L’esoscheletro da thriller che ricorda – purtroppo solo sulla carta – Memorie di un assassino (2003) è preso da un fatto di cronaca vera che riguarda 5 bambini scomparsi su un monte, ma se l’ipotesi di fondere due registri così lontani come la commedia e le procedure investigative non viene presa in considerazione, Lee opta per una regia routinaria senza piglio distinguibile, che se unita alla sceneggiatura sull’orlo del precipizio costringe lo spettatore a prendere le distanze da questo film.
Anzi, direi che proprio in fase di scrittura si toccano punti bassini per almeno tre motivi:

1) Tutta la prima parte con il professore universitario, nel bilancio finale risulta ininfluente, ok insinuare il possibile coinvolgimento di un padre delle vittime, e ok mostrare il brancolamento nel buio da parte delle autorità, ma a che pro? Sicuramente non del regista che dando priorità al crimine commesso non fornisce la mappa del tesoro preferendo invischiarsi in sospetti superflui.

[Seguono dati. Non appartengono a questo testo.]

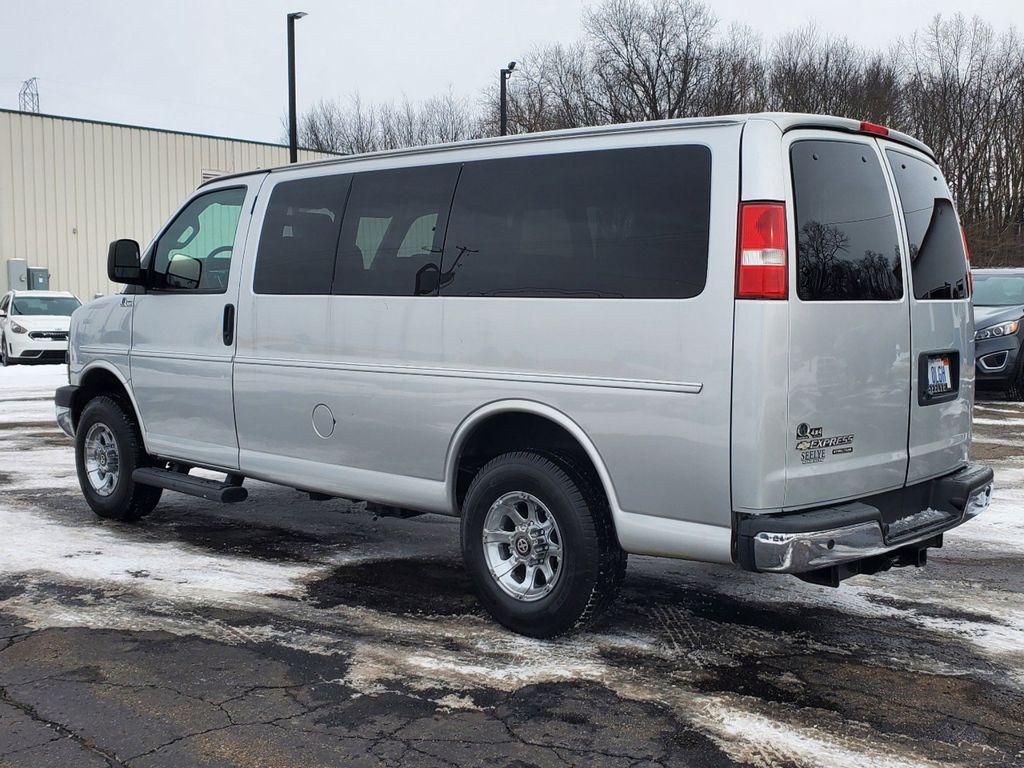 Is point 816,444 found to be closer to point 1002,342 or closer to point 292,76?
point 1002,342

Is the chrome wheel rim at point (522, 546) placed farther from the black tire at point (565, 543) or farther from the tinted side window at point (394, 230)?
the tinted side window at point (394, 230)

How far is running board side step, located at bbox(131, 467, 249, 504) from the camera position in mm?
6184

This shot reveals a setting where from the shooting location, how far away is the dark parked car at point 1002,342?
13820 mm

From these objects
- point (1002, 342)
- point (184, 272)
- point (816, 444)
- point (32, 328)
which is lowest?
point (816, 444)

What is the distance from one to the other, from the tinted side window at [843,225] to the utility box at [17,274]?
99.5ft

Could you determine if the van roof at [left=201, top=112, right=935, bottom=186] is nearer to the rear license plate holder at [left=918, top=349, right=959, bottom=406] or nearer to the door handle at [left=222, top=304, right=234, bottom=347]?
the rear license plate holder at [left=918, top=349, right=959, bottom=406]

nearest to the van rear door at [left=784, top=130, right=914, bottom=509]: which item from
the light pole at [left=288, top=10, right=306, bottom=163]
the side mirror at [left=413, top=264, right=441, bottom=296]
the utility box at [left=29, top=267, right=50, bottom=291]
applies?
the side mirror at [left=413, top=264, right=441, bottom=296]

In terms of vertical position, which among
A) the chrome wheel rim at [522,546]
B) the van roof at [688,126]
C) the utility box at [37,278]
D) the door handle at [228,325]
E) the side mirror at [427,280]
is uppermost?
the utility box at [37,278]

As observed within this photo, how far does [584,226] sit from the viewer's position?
4.54 metres

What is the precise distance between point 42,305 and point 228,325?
18.7m

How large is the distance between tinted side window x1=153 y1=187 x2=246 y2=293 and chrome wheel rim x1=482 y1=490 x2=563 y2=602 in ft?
7.95

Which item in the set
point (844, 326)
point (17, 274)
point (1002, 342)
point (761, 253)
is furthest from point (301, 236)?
point (17, 274)

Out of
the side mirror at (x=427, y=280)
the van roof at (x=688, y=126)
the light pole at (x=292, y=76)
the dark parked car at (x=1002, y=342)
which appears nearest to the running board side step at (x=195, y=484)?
the side mirror at (x=427, y=280)

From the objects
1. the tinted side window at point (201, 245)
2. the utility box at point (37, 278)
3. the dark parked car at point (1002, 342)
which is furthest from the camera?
the utility box at point (37, 278)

2) Non è funzionale, poi, il lasso di tempo che intercorre tra un’indagine e l’altra. Non essendoci particolari indiziati la sensazione è che la ricerca arrivata ad un punto morto non abbia la forza per gettarsi in un twist conclusivo degno di questo nome, cosa che puntualmente accade e che mina le basi della valutazione: se un thriller non sorprende, non gabba, non gioca con lo spettatore, che gusto c’è nel vederlo?

3) Sul fatto che sia il capo poliziotto a confessare l’esistenza di un sospettato al produttore televisivo e che quest’ultimo riesca a smascherarlo (un tipo qualunque, non la polizia che lo aveva lì a portata di mano!) è meglio soprassedere, piuttosto pare a chi scrive un gesto scellerato quello di introdurre il villain al centesimo minuto dall’inizio e a trenta della fine. È un escamotage per uscire dalla stasi in cui si era incagliata l’opera, ma è anche un tiro scorretto che ferisce una narrazione tranquillamente annullabile da lì indietro. E no, il discorso della telefonata ripreso nel finale è troppo debole per incollare il puzzle.

Per la serie: anche in Corea del Sud ogni tanto un buco nell’acqua lo fanno.

4 commenti:

  1. Eh, io ultimamente di buchi nell'acqua sudcoreani me ne sono beccati 5 o 6, maledizione. Almeno questo me lo hai risparmiato, però. Thanks ;)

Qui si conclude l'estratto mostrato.